Dataset excerpt ::
══════════
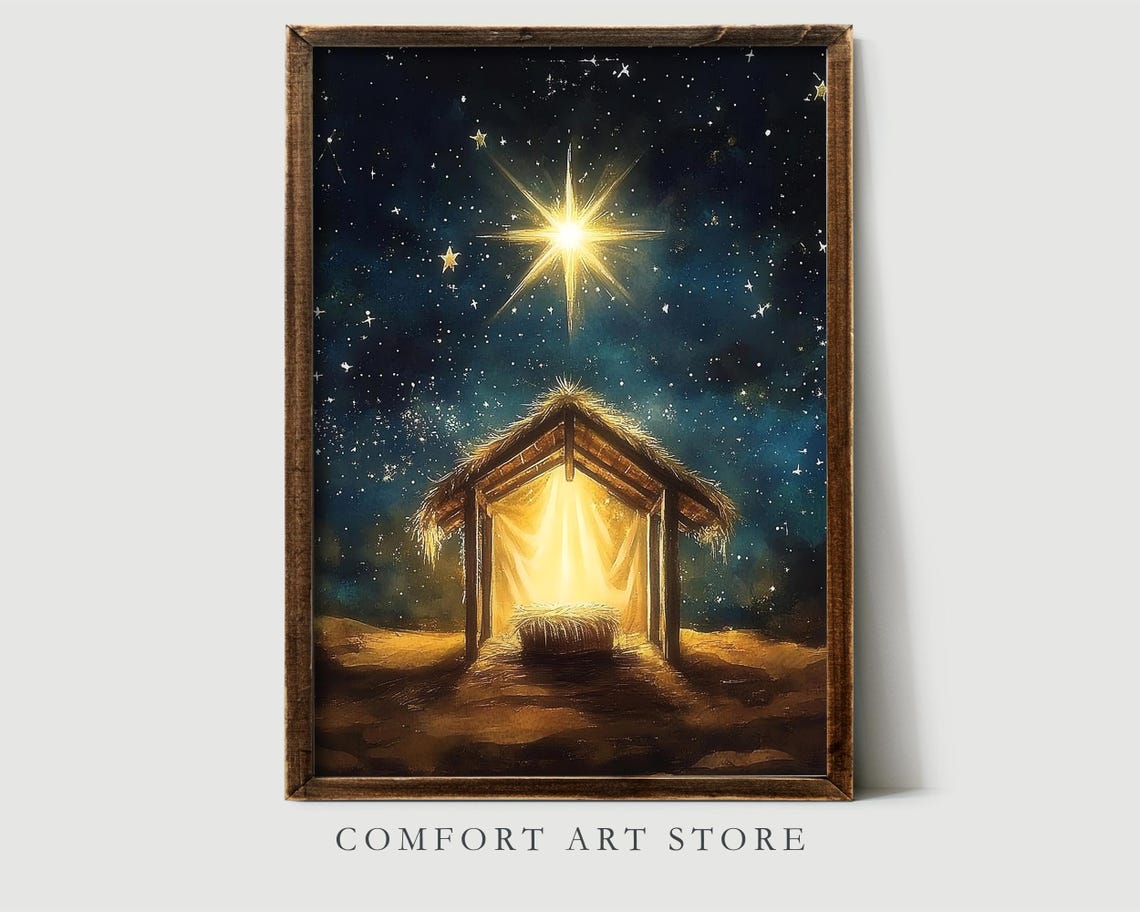 Empty Manger in the Stable Under the Star of Bethlehem Poster - Image 2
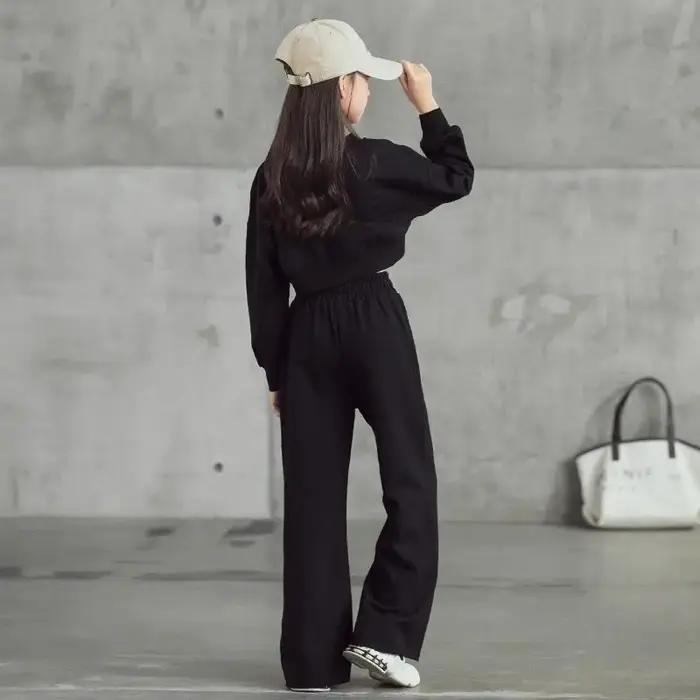 Ensemble de couleur unie pour filles, pull court à manches longues et pantalon, 2 pièces, nouvelle m
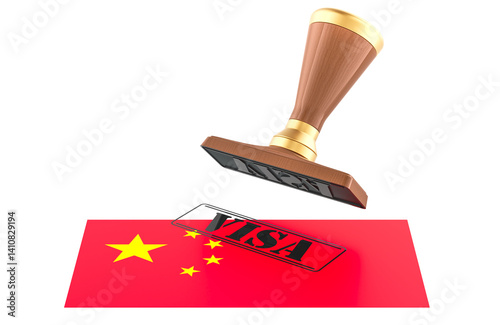 Obraz na płótnie Chinese Visa Approved with Rubber Stamp and Chinese flag, 3D rendering isolated on transparent background w salonie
══════════
Task item ::
All the lines above are to be given again exactly as they read, with the pictures removed.

Solution for this exercise ::
 Empty Manger in the Stable Under the Star of Bethlehem Poster - Image 2
 Ensemble de couleur unie pour filles, pull court à manches longues et pantalon, 2 pièces, nouvelle m
 Obraz na płótnie Chinese Visa Approved with Rubber Stamp and Chinese flag, 3D rendering isolated on transparent background w salonie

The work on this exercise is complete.